# PROBLEM TO SOLVE:
In the entries below, which lines run from the one with "Начальник ГШ ВС" through the one with "Used 2019 Chrysler"? Repeat exactly those, both included, and no pictures.
┌─ LISTED RECORDS
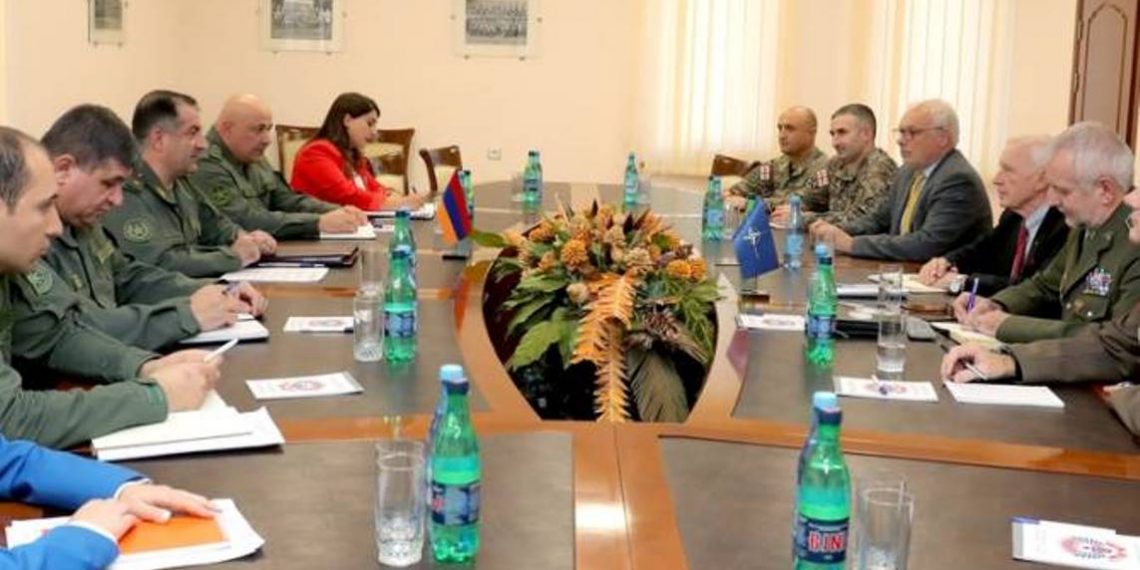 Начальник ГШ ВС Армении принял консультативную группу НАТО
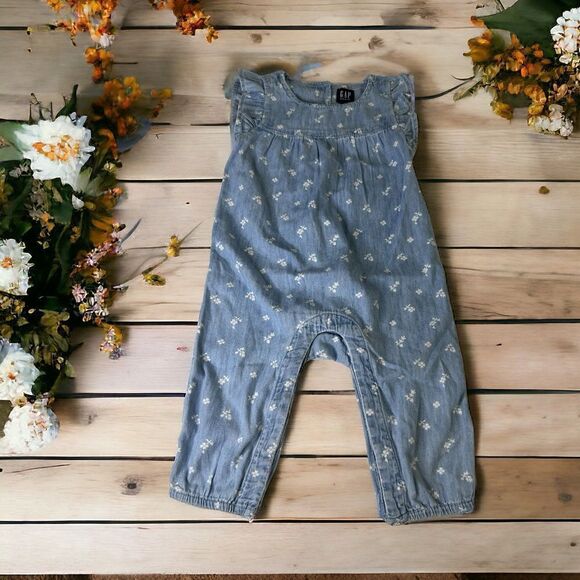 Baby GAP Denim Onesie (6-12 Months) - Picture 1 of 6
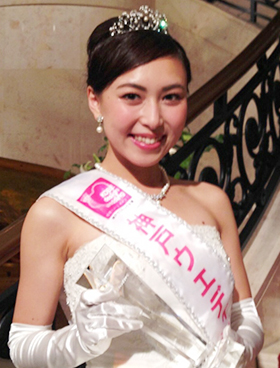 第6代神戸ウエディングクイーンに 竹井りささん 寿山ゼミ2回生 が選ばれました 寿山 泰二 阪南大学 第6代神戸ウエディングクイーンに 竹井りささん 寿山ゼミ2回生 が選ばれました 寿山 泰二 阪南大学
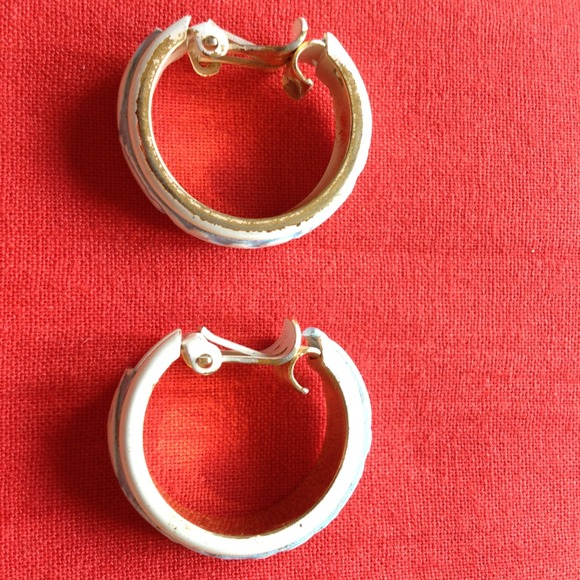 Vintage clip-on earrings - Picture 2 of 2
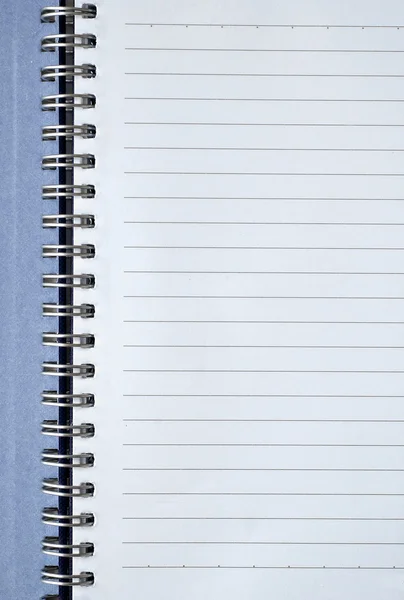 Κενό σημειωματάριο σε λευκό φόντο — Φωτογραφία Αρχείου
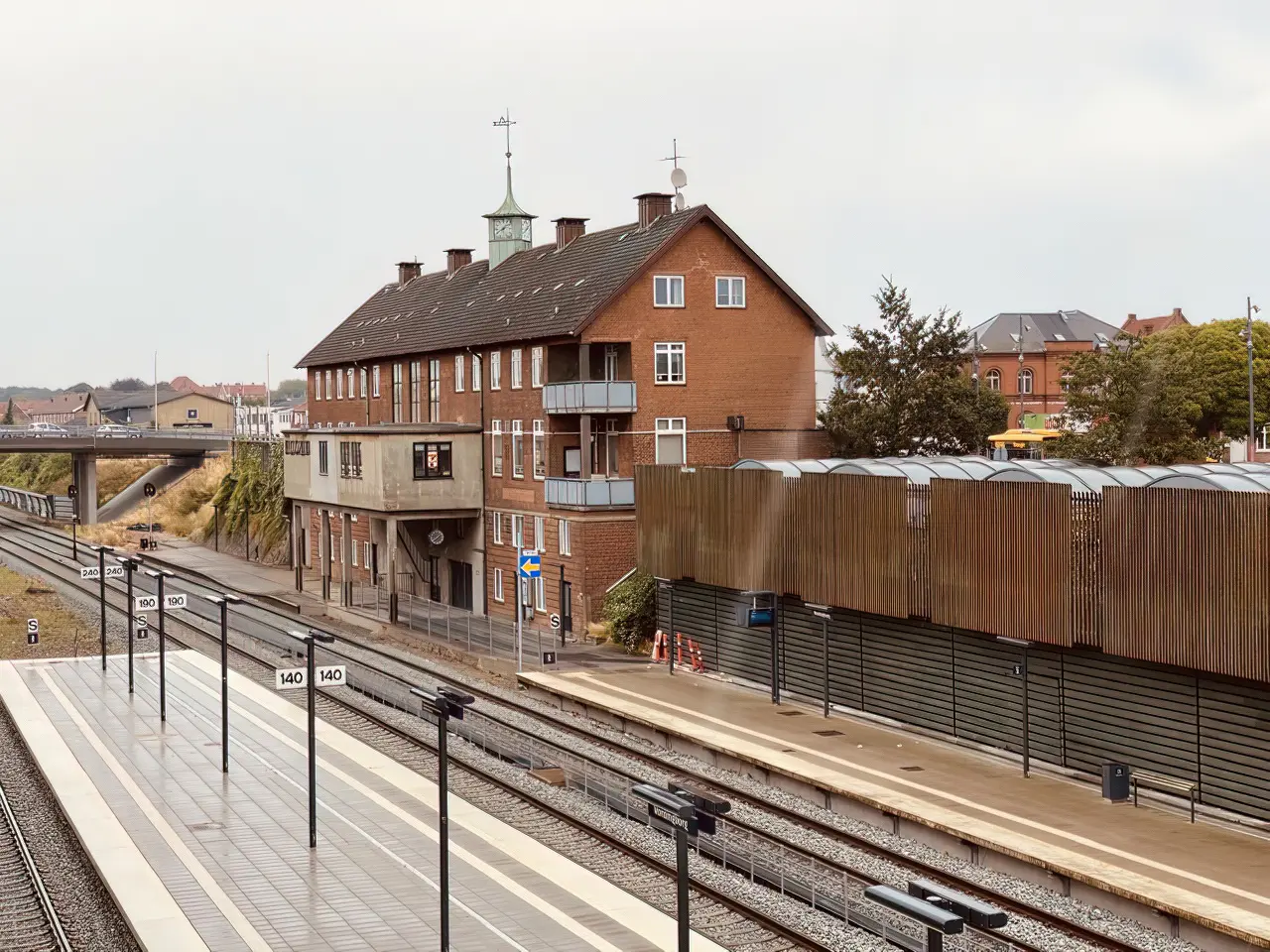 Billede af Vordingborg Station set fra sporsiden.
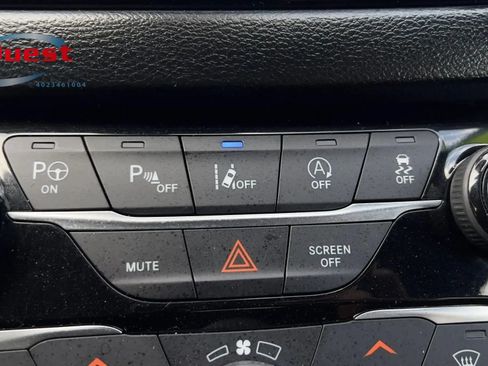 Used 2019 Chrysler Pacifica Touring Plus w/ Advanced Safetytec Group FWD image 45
└─
┌─ LISTED RECORDS
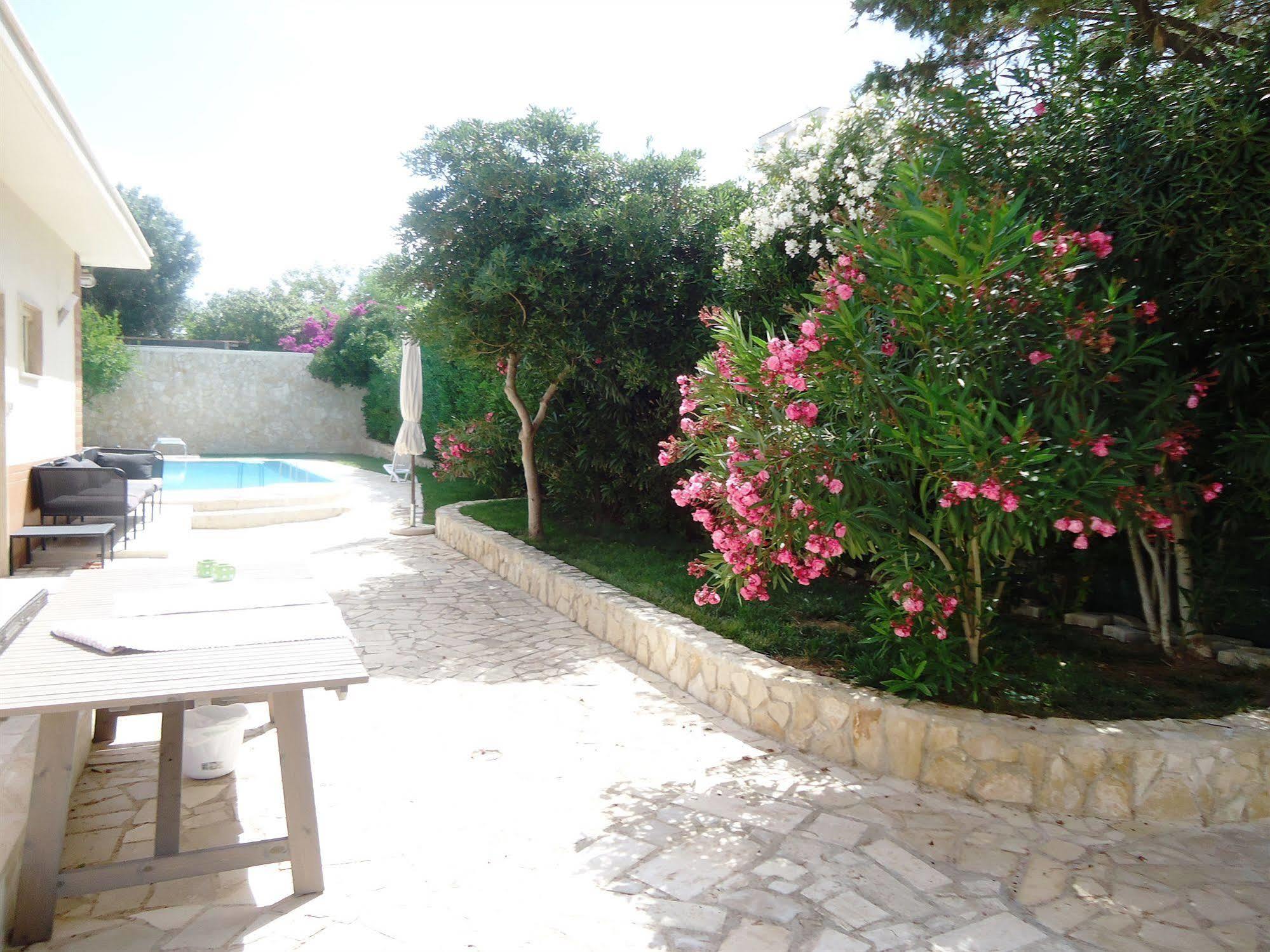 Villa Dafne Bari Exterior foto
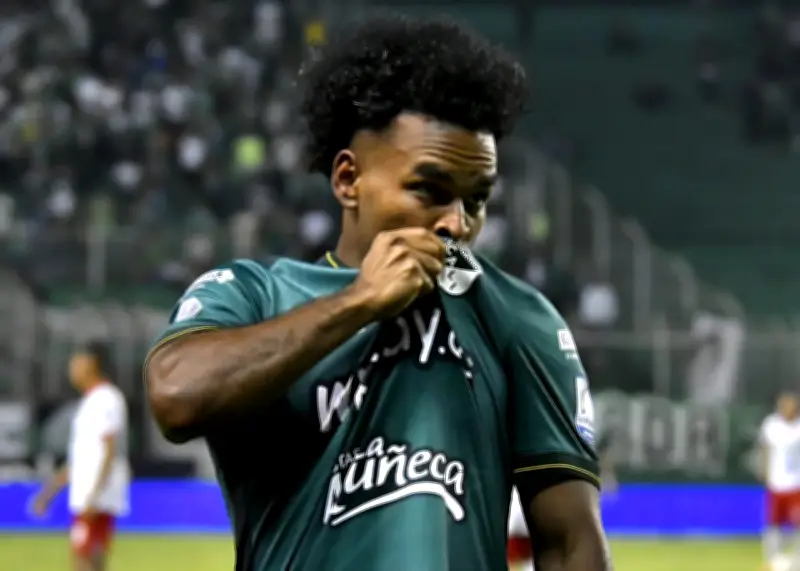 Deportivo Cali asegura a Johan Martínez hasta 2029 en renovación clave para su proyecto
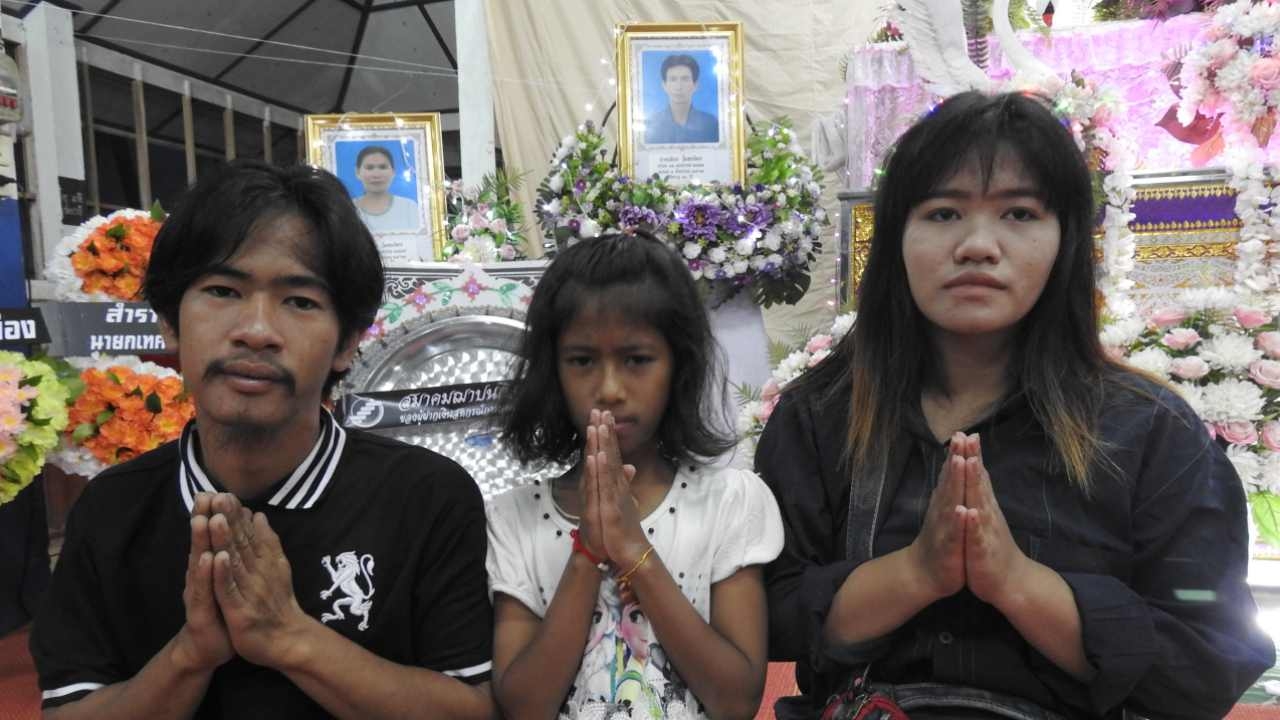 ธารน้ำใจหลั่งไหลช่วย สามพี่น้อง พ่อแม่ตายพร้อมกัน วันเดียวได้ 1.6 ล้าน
└─
# THE ANSWER:
 Начальник ГШ ВС Армении принял консультативную группу НАТО
 Baby GAP Denim Onesie (6-12 Months) - Picture 1 of 6
 第6代神戸ウエディングクイーンに 竹井りささん 寿山ゼミ2回生 が選ばれました 寿山 泰二 阪南大学 第6代神戸ウエディングクイーンに 竹井りささん 寿山ゼミ2回生 が選ばれました 寿山 泰二 阪南大学
 Vintage clip-on earrings - Picture 2 of 2
 Κενό σημειωματάριο σε λευκό φόντο — Φωτογραφία Αρχείου
 Billede af Vordingborg Station set fra sporsiden.
 Used 2019 Chrysler Pacifica Touring Plus w/ Advanced Safetytec Group FWD image 45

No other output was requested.